What the task requires: You are asked to copy the entire listing exactly, apart from its pictures.

Material provided:
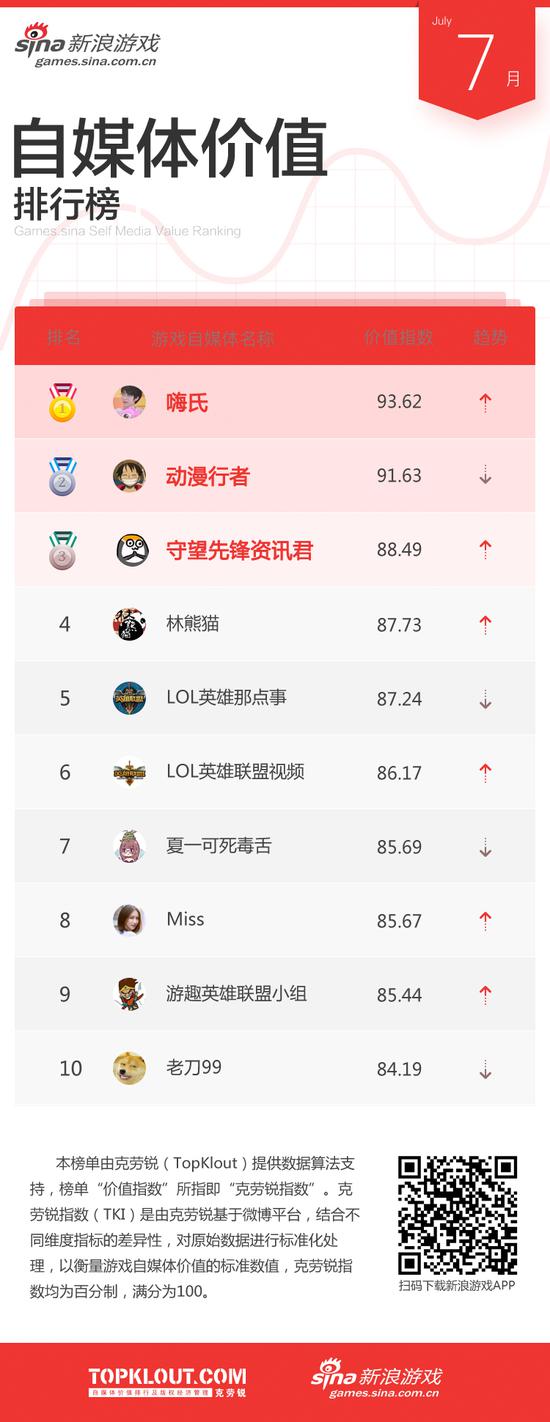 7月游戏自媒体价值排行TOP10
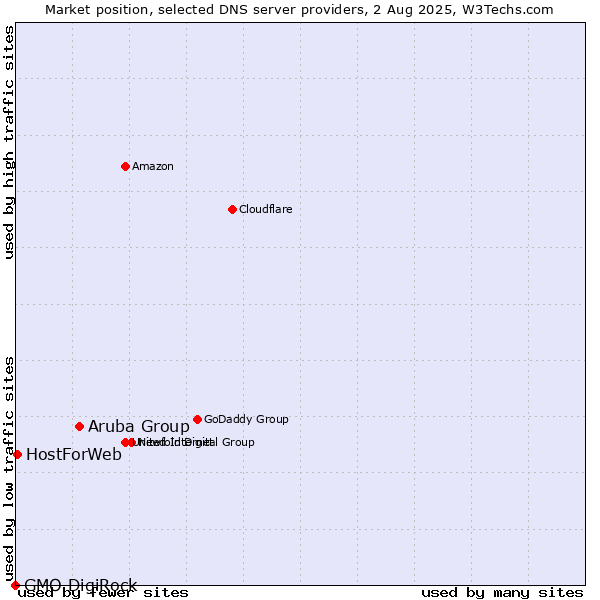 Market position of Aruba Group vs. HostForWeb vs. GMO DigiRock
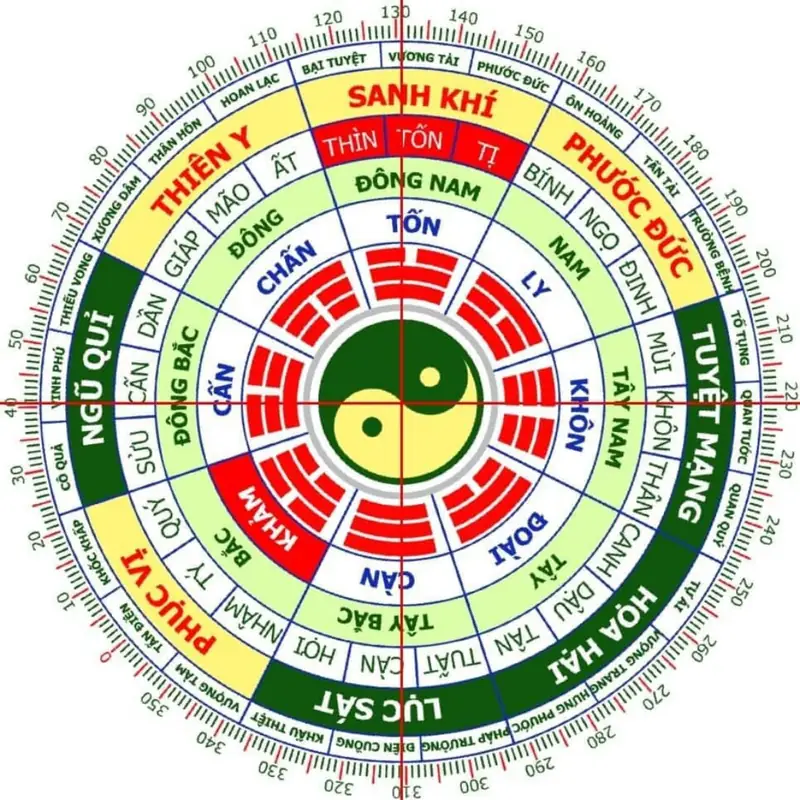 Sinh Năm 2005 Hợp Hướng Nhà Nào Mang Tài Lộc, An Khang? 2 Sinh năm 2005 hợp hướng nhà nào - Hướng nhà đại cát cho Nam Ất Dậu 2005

Problem solution:
 7月游戏自媒体价值排行TOP10
 Market position of Aruba Group vs. HostForWeb vs. GMO DigiRock
 Sinh Năm 2005 Hợp Hướng Nhà Nào Mang Tài Lộc, An Khang? 2 Sinh năm 2005 hợp hướng nhà nào - Hướng nhà đại cát cho Nam Ất Dậu 2005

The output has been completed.